BATMETAL.  best idea ever



playstopause said:


> Onboard looper =
> 
> Also, this amp's pedal is quite spacy-sexy :



coool. I'm not personally interested in such a product, but if it's quality, i know a lot of people who would be. Seems really cool.


----------



## playstopause (Mar 25, 2008)

Bump!

New video from Musikmesse Frankfurt 2008 (lot of background noise, unfortunately) :


----------



## Ishan (Mar 25, 2008)

Integrated looper mmm, it could be really good.


----------



## Spinedriver (Mar 25, 2008)

Interesting, but it needs to have a head version.


----------



## Ishan (Mar 26, 2008)

True!


----------



## Toshiro (Mar 26, 2008)

$199 for the 30watt 1-12(solid state power)! I might have to pick one up to side-by-side with my Vox, and ebay the loser.


----------



## Adventhorizon (Jan 9, 2009)

You say you wanna demo it I myself have tried the Vypyr 75 and it is amazing trust me currently i know more about it than my local music store does


----------



## E Lucevan Le Stelle (Jan 9, 2009)

This thing looks great. The analog distortion/digital FX combo reminds me of the H&K Switchblade which is an awesome sounding amp, and in addition Peavey are one of the top players in the modelling scene ATM (check out Revalver Mk3, it's a VST modeller which holds its own against the AXE-FX and utterly fucking destroys Line 6 and BOSS).

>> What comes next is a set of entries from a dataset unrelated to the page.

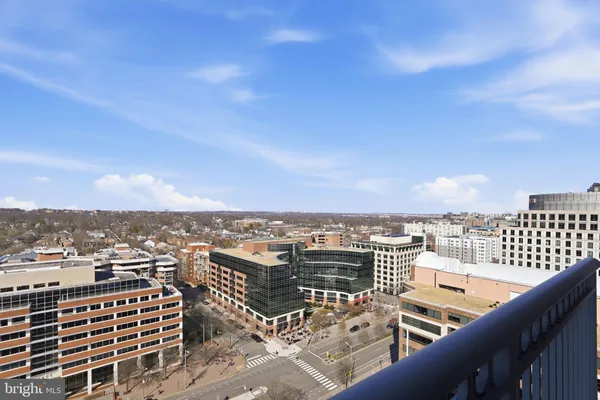 $385,000 | 851 North Glebe Road, Unit 1812, Arlington, VA 22203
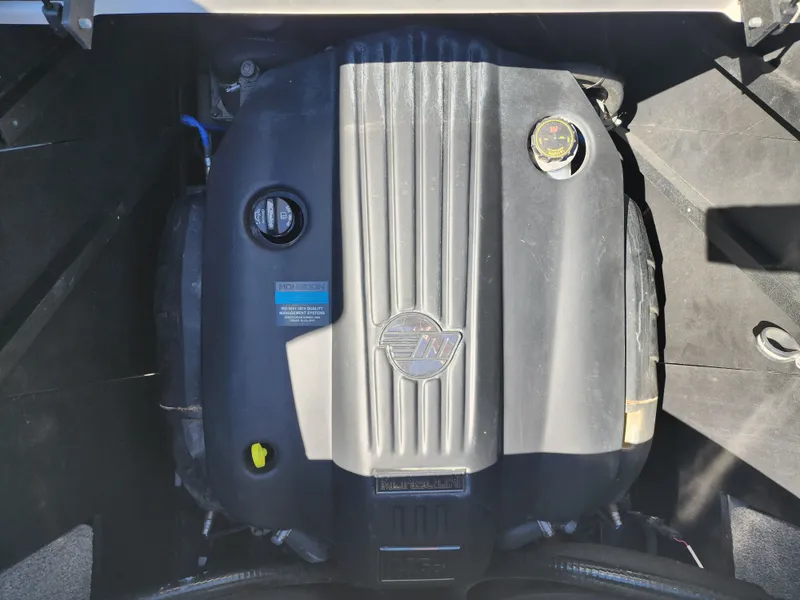 Slide: The Image of Malibu 25 LSV 2022 - 35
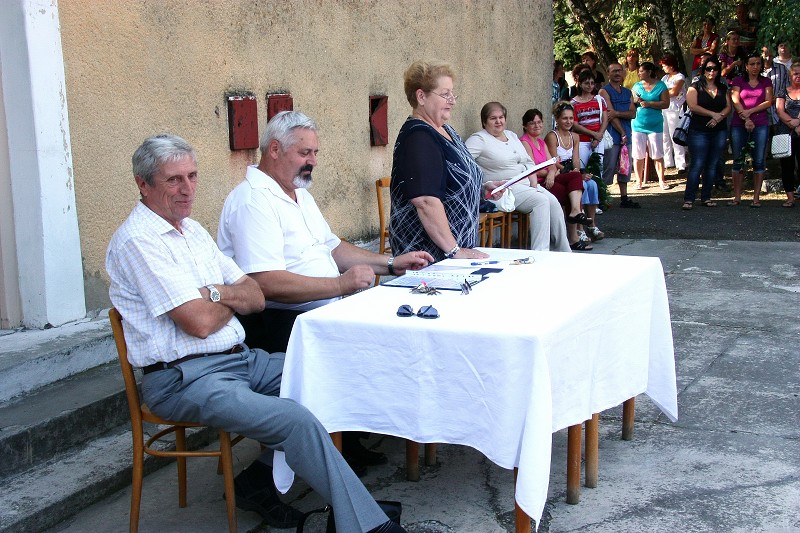 img00019.jpg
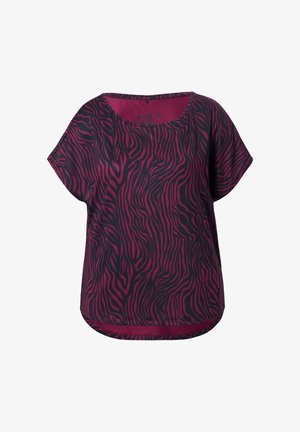 Top de mujer de manga corta con cuello redondo y un patrón de cebra en tonos púrpura oscuro y negro sobre una tela ligera.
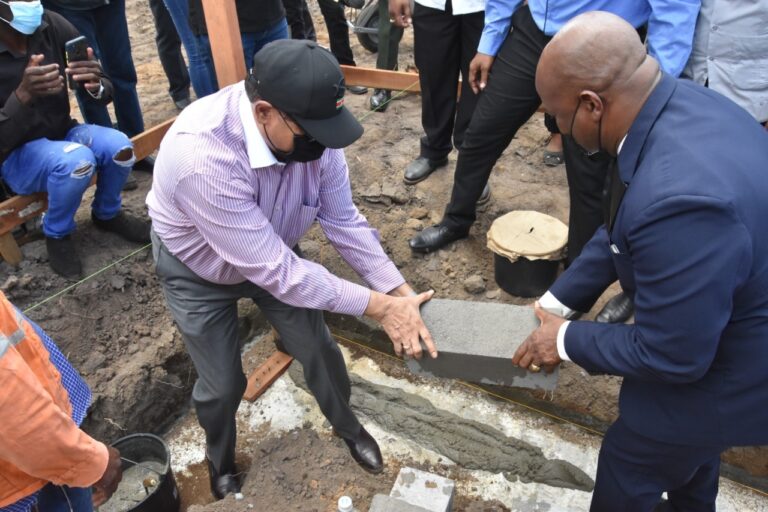 President en vicepresident leggen eerste steen schoolcampus Moengotapu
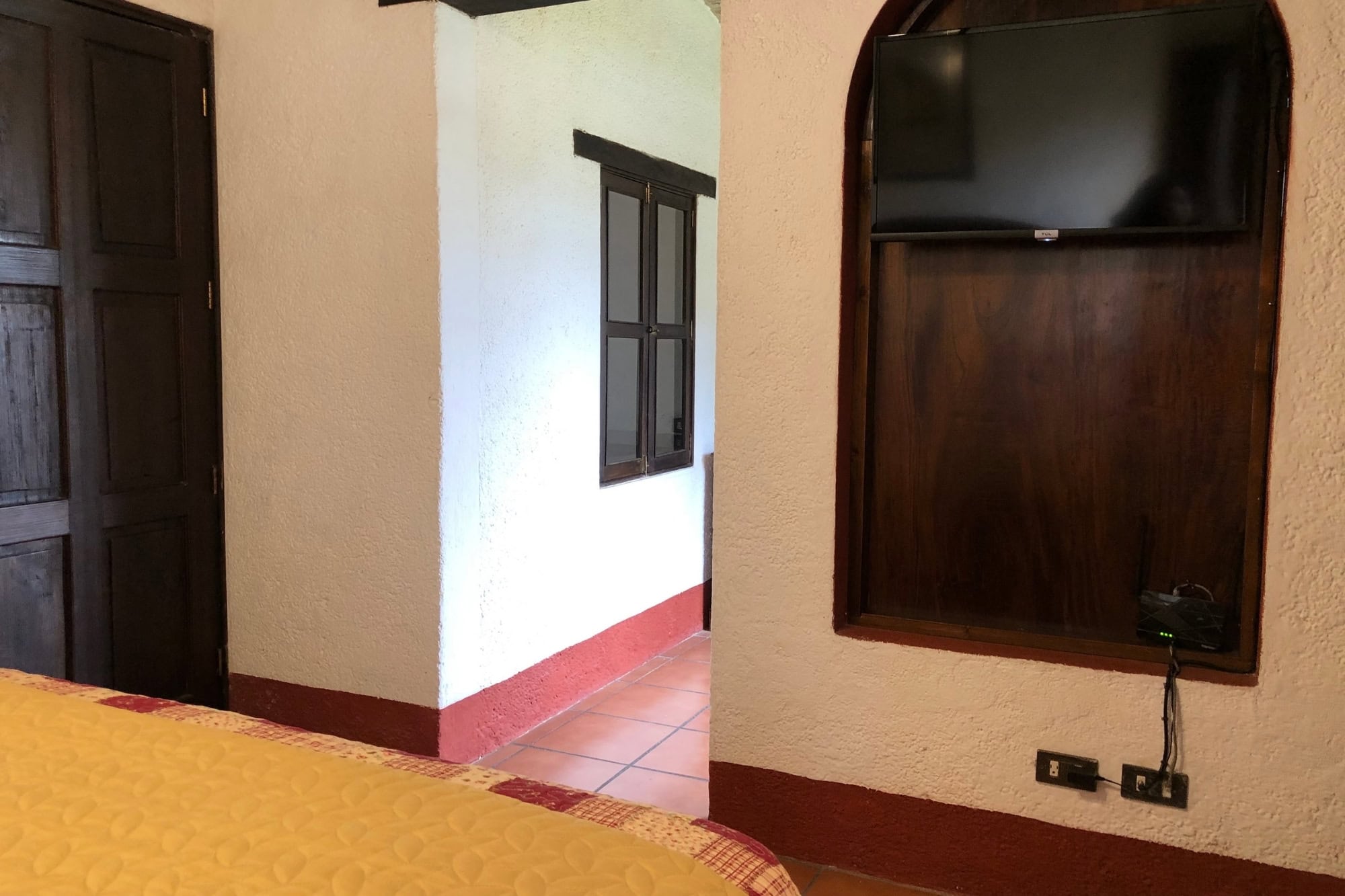 TOWNHOUSE , DOWNTOWN ANTIGUA, FURNISHED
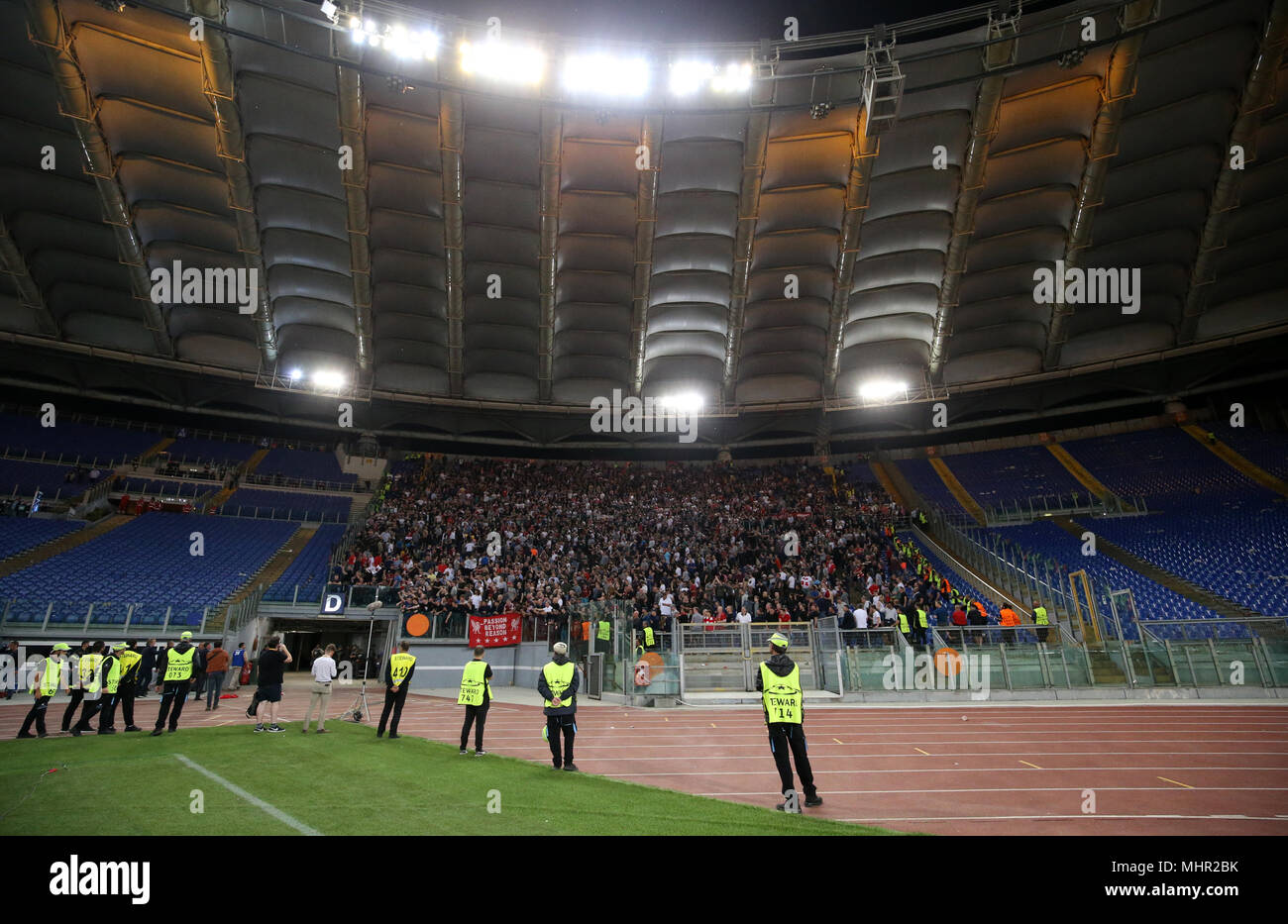 Tifosi del Liverpool sono tenuti nello stadio dopo la finale della UEFA Champions League, Semi Finale, la seconda gamba allo Stadio Olimpico di Roma. Foto Stock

This could be a really impressive beast IMO...


----------



## season_of_ages (Apr 24, 2009)

DO they try to model Diezel??


----------



## yingmin (Apr 25, 2009)

season_of_ages said:


> DO they try to model Diezel??


Yes, Diezel is one of the models, along with Krank, Recto, Twin, Deluxe, Brit (probably Vox) and Plexi, as well as several Peavey amps.


----------



## season_of_ages (Jun 14, 2009)

Anyone got any experience wit the amp modelling? I'm real interested in the Diezel dist...


----------



## Toshiro (Jun 14, 2009)

I had one(or should I say 3?) of the 30 watt Vypyrs. The best 3 high gain models are the Peavey ones; the 6505+, JSX, and XXX. The Diezel and Recto models are kinda meh. I had QC issues with all the ones I had, and ended up taking a bath getting rid of the last one.

Play before you buy.


----------



## yingmin (Jun 15, 2009)

Toshiro said:


> I had one(or should I say 3?) of the 30 watt Vypyrs. The best 3 high gain models are the Peavey ones; the 6505+, JSX, and XXX. The Diezel and Recto models are kinda meh. I had QC issues with all the ones I had, and ended up taking a bath getting rid of the last one.
> 
> Play before you buy.


For a company renowned for the reliability of their amps, Peavey really boned the Vypyrs. I think they should have done more R&D before releasing these, because I think they SOUND good, and have a ton of unrealized potential, but they're just problematic. I bought a 15-watt to use for lessons, but it would occasionally just refuse to boot up properly, and since it doesn't have the MIDI port that the higher models do, it was impossible to update the firmware without sending it to Peavey. I ended up returning it for a 30-watt, which hasn't given me any problems so far, but is larger than I'd prefer to carry around all the time. I'd still take it over a Line 6 anything, though.


----------



## Toshiro (Jun 15, 2009)

yingmin said:


> For a company renowned for the reliability of their amps, Peavey really boned the Vypyrs. I think they should have done more R&D before releasing these, because I think they SOUND good, and have a ton of unrealized potential, but they're just problematic. I bought a 15-watt to use for lessons, but it would occasionally just refuse to boot up properly, and since it doesn't have the MIDI port that the higher models do, it was impossible to update the firmware without sending it to Peavey. I ended up returning it for a 30-watt, which hasn't given me any problems so far, but is larger than I'd prefer to carry around all the time. I'd still take it over a Line 6 anything, though.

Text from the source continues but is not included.